Quelle protection des libertés du public apporte cette nouvelle
proposition de loi ?

En effet, l'article 2 ne semble s'appliquer qu'au secteur public,
alors que, selon l'intitulé de la loi présenté dans le rappel des
motifs, l'objectif est d'établir une loi « tendant à renforcer les
libertés et la sécurité du consommateur et à améliorer la concurrence
dans la société de l'information ». Dans sa rédaction actuelle,
quelles garanties réelles cette proposition de loi s'efforce-t-elle de
mettre en oeuvre en la matière pour les citoyens ou les entreprises
privées (si ce n'est par effet de "contagion" lié à l'effet
prescripteur des services de l'état) ?

Nous regrettons ainsi que l'obligation de fourniture des codes sources
(et un droit de modification associé) ne soit pas élargie à l'ensemble
du marché du logiciel commercial, tout en conservant les prérogatives
des auteurs ou éditeurs définies par le Code de la Propriété
Intellectuelle.

Au moment où la classe politique fait des propositions allant dans le
sens d'une société de l'information plus citoyenne, et à quelques
semaines du vote du PAGSI, quel est le choix de société qui nous
attend ?

En ce qui nous concerne, nous tenons à rappeler notre attachement à
l'adoption la plus large par le secteur public, mais aussi par les
acteurs privés, de solutions basées sur des Logiciels Libres, qui nous
semblent les mieux à même de garantir les libertés essentielles
réclamées par nos députés et sénateurs. Les logiciels libres
garantissent par nature l'ouverture des protocoles et la conformité
des objectifs aux besoins. On peut douter qu'il en soit réellement de
même de logiciels propriétaires, mais à sources ouverts, qui
chercheraient à contourner la présente proposition de loi par un
recours à des standards pseudo-ouverts, ou une publication des sources
limitée à certaines entités seulement, sans que le public ait
réellement des garanties en la matière.

Nous appelons les trois députés socialistes à renforcer leur
proposition de loi, en imposant l'usage des logiciels libres dans
l'administration, en imposant la divulgation des codes sources de tous
les logiciels, en imposant la publication des formats et standards de
communication de tous les logiciels et en intégrant à leur proposition
une agence des logiciels libres chargée du financement de la recherche
en informatique libre dans les universités et dans les établissements
publics.

Vivement une mobilisation républicaine afin de replacer au centre des
préoccupations l'intérêt du public et le caractère universel du savoir
et de l'information. Le rôle de l'Etat reste indispensable pour le
développement d'une société de l'information citoyenne, mais les
Français doivent rester vigilantes et se mobiliser pour traduire dans
les faits un discours ambitieux.



1. Références



[1] http://www.osslaw.org
[2] http://www.admiroutes.asso.fr
[3] http://www.senat.fr/grp/rdse/page/forum/texteloi.html
[4] http://www.finances.gouv.fr/reglementation/CMP/
[5] http://www.legifrance.gouv.fr/
[6] http://www.legifrance.gouv.fr/
[7] http://www.premier-ministre.gouv.fr/PM/D250897.HTM
[8] http://www.liberation.fr/microsoft/actu/20000426merx.html




2. APRIL


L'APRIL, Association pour la Promotion et la Recherche en Informatique
Libre, créée en 1996, est composée de professionnels de différentes
sociétés ou administrations, de chercheurs et d'étudiants. Elle a pour
objectif de sensibiliser les entreprises, les administrations et les
particuliers sur les risques des solutions propriétaires et fermées,
et de les informer des potentialités offertes par les logiciels libres
et les solutions basées sur des standards ouverts.
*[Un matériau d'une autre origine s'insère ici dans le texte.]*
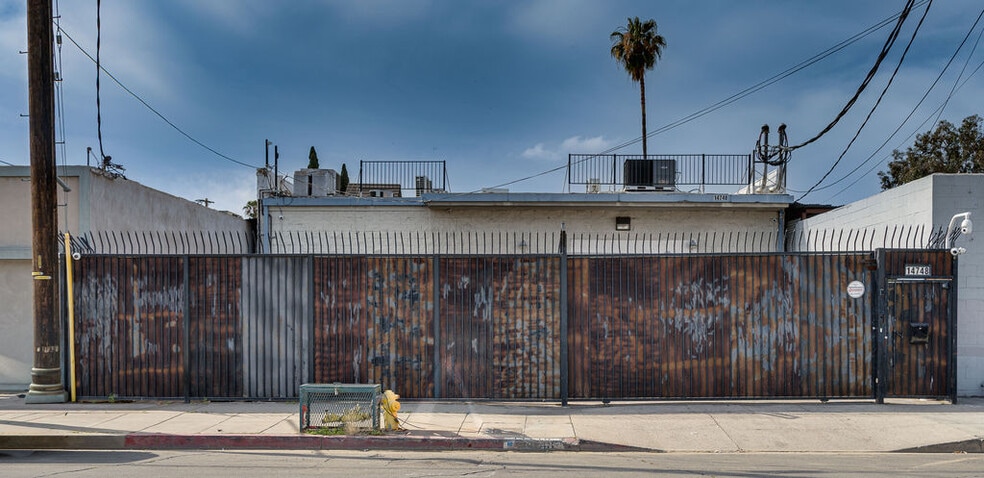 More Photos Of 14748 Keswick St, Van Nuys Warehouse For Sale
Pour plus d'informations, vous pouvez vous rendre sur le site Web à
l'adresse suivante : www.april.org/


Contacts Presse :

Olivier Berger, administrateur. E-mail : oberger AT april.org.

Frédéric Couchet, Président. E-mail : fcouchet AT april.org.
Tél : 06.60.68.89.31

--
Olivier BERGER - Membre du C.A. de l'association APRIL
APRIL (http://www.april.org) - Vive python (http://www.python.org)
Libre Software Meeting - Bordeaux 5-9/07/2000 (http://lsm.abul.org)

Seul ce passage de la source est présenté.